Former election and ethics regulatory body of the Wisconsin state government

The Wisconsin Government Accountability Board (G.A.B.) was a regulatory agency of the U.S. state of Wisconsin which administered and enforced Wisconsin law pertaining to campaign finance, elections, ethics, and lobbying. The board was composed of six retired Wisconsin judges who served staggered, six-year terms. The board was created in 2007 as an attempt to reform and modernize Wisconsin's elections and ethics management. The board was dissolved in 2016 by the Republican legislature and replaced by two new commissions with explicitly partisan appointees (Wisconsin Ethics Commission & Wisconsin Elections Commission), over the objections of Democratic legislators.

==Composition==
The Board consisted of six members who served staggered, six-year terms.

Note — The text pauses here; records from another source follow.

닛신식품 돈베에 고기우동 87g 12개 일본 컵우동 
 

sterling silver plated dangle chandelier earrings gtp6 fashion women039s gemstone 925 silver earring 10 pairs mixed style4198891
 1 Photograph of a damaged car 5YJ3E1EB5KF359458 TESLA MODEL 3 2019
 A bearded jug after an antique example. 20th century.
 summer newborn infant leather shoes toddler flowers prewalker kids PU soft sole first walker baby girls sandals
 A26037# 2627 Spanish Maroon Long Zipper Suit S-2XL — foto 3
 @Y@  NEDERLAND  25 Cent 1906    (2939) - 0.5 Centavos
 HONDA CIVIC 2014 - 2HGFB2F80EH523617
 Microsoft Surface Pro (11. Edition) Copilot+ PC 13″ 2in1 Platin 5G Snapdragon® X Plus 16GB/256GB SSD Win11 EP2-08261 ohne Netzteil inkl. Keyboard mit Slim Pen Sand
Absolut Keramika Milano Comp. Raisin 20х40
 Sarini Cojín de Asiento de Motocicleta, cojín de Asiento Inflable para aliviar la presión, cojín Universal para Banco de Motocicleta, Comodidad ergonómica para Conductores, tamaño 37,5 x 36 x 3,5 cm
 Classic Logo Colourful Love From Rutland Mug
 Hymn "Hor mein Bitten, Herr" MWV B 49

Board members were appointed by the Governor of Wisconsin, but the Governor had to select from a pool of retired state court judges chosen by a selection committee composed of a randomized set of Wisconsin Appeals Court judges, and the Governor's appointees had to then be approved by the Wisconsin Senate. The board members served part-time, and received a per diem for each meeting they attended.

==History and controversies==
The G.A.B. was created as a reform measure after the Wisconsin "legislative caucus scandal" in 2001 which led to criminal convictions of the state Assembly's highest-ranking Republican (Speaker Scott Jensen), the state Senate's highest-ranking Democrat (Majority Leader Chuck Chvala), and other officials. The G.A.B. was tasked with overseeing elections, ethics and lobbying in the state. The 2007 Wisconsin Act 1, which passed the Wisconsin Legislature on a bipartisan vote in January 2007, merged the State Elections Board and State Ethics Board into the new G.A.B.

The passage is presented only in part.